#### Excerpts from a dataset
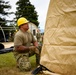 Airmen Train for Rapid Shelter Deployment in Field Exercise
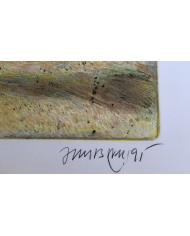 "Betulle" acquatinta ceramolle di Marco Zambrelli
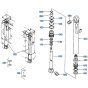 Outrigger Cylinder Assembly for Kubota R400 Loader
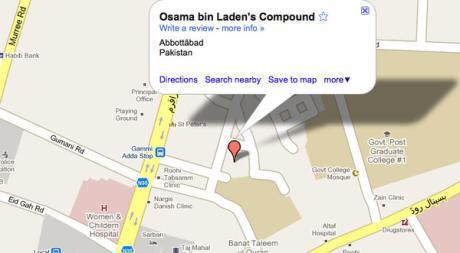 En Google Maps difunden supuesto lugar donde murió Bin Laden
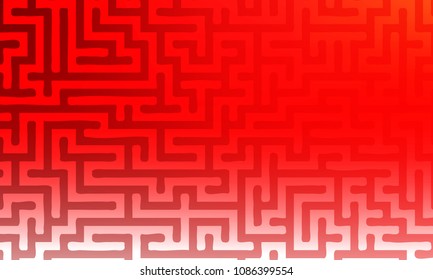 Abstract background with gradient colorful maze. Vector illustration
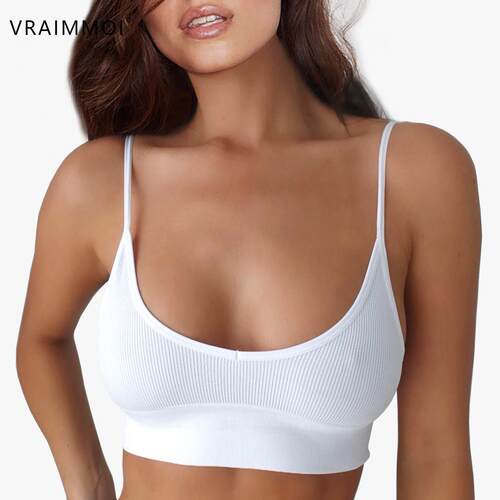 n Wirefree Underwear Unlined Lingerie Sexy Backless Bralette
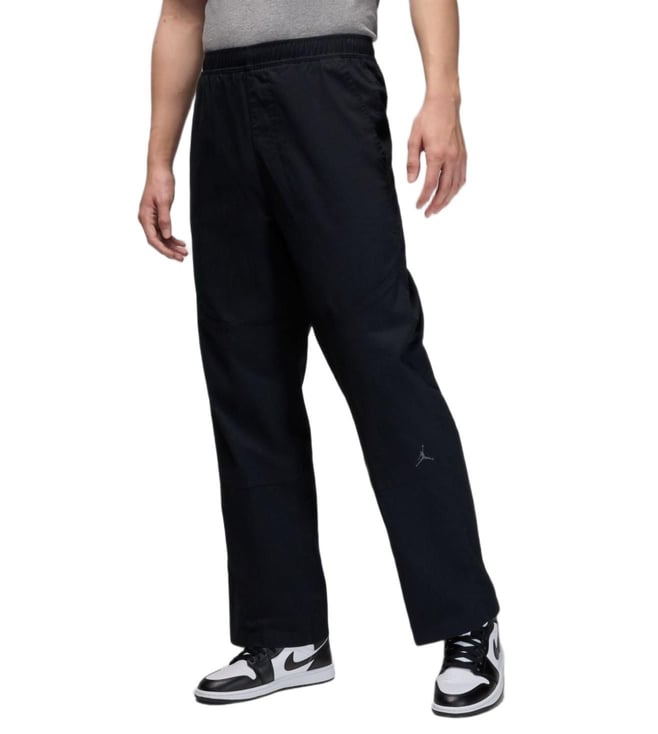 Nike Black & Anthracite J BRK WVN PANT Regular Fit Mid Rise Pant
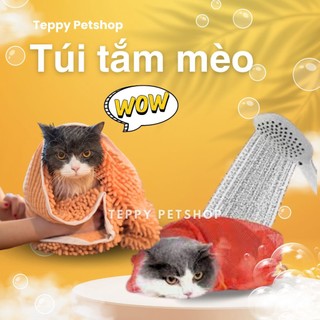 Túi lưới đa năng tắm mèo, hổ trợ cắt móng cho mèo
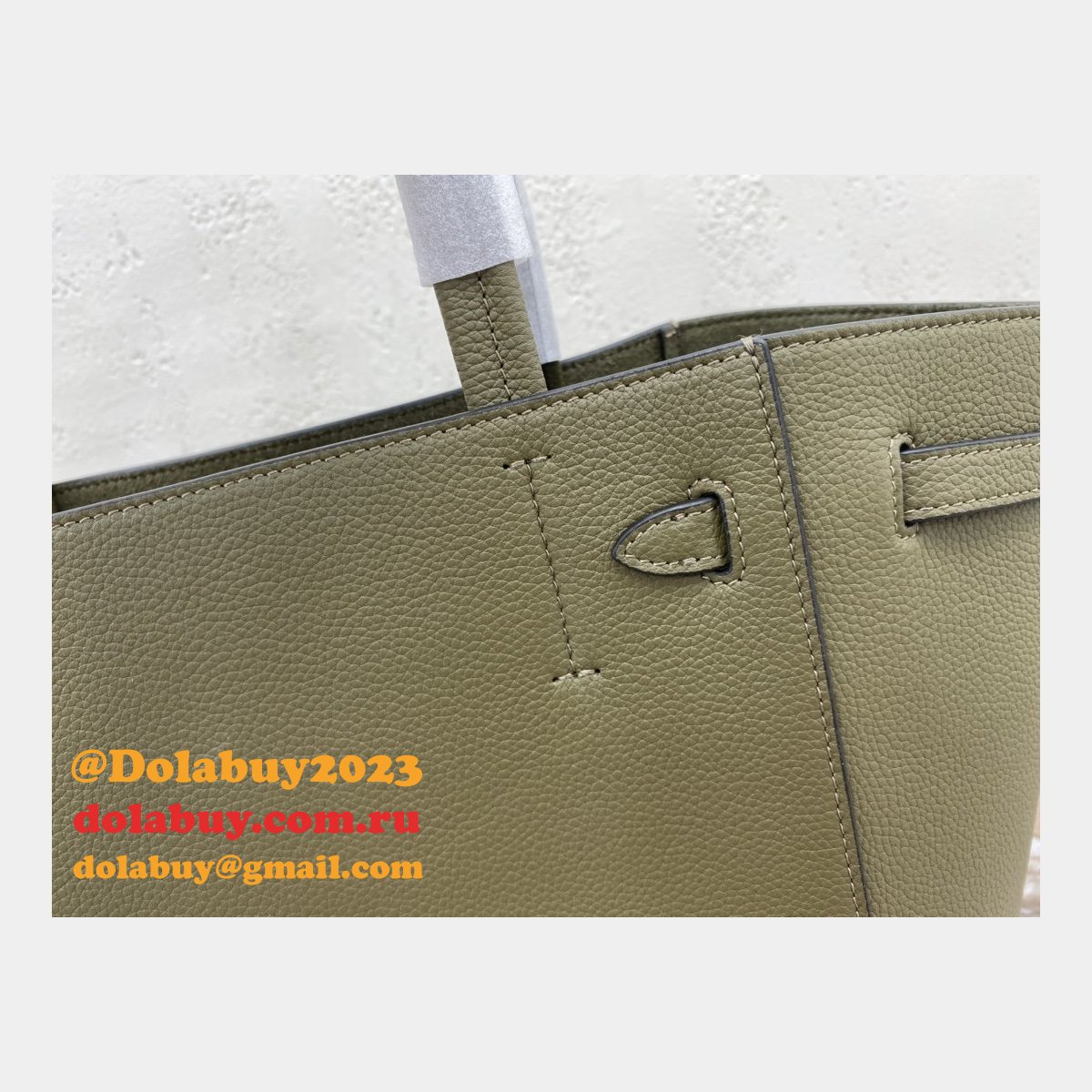 Wholesale Cheap Replica Celine Army Green Cabas Bags Online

#### Work to complete
What is needed is the data above, retyped exactly, with every picture left out.

#### Task response
 Airmen Train for Rapid Shelter Deployment in Field Exercise
 "Betulle" acquatinta ceramolle di Marco Zambrelli
 Outrigger Cylinder Assembly for Kubota R400 Loader
 En Google Maps difunden supuesto lugar donde murió Bin Laden
 Abstract background with gradient colorful maze. Vector illustration
 n Wirefree Underwear Unlined Lingerie Sexy Backless Bralette
 Nike Black & Anthracite J BRK WVN PANT Regular Fit Mid Rise Pant
 Túi lưới đa năng tắm mèo, hổ trợ cắt móng cho mèo
 Wholesale Cheap Replica Celine Army Green Cabas Bags Online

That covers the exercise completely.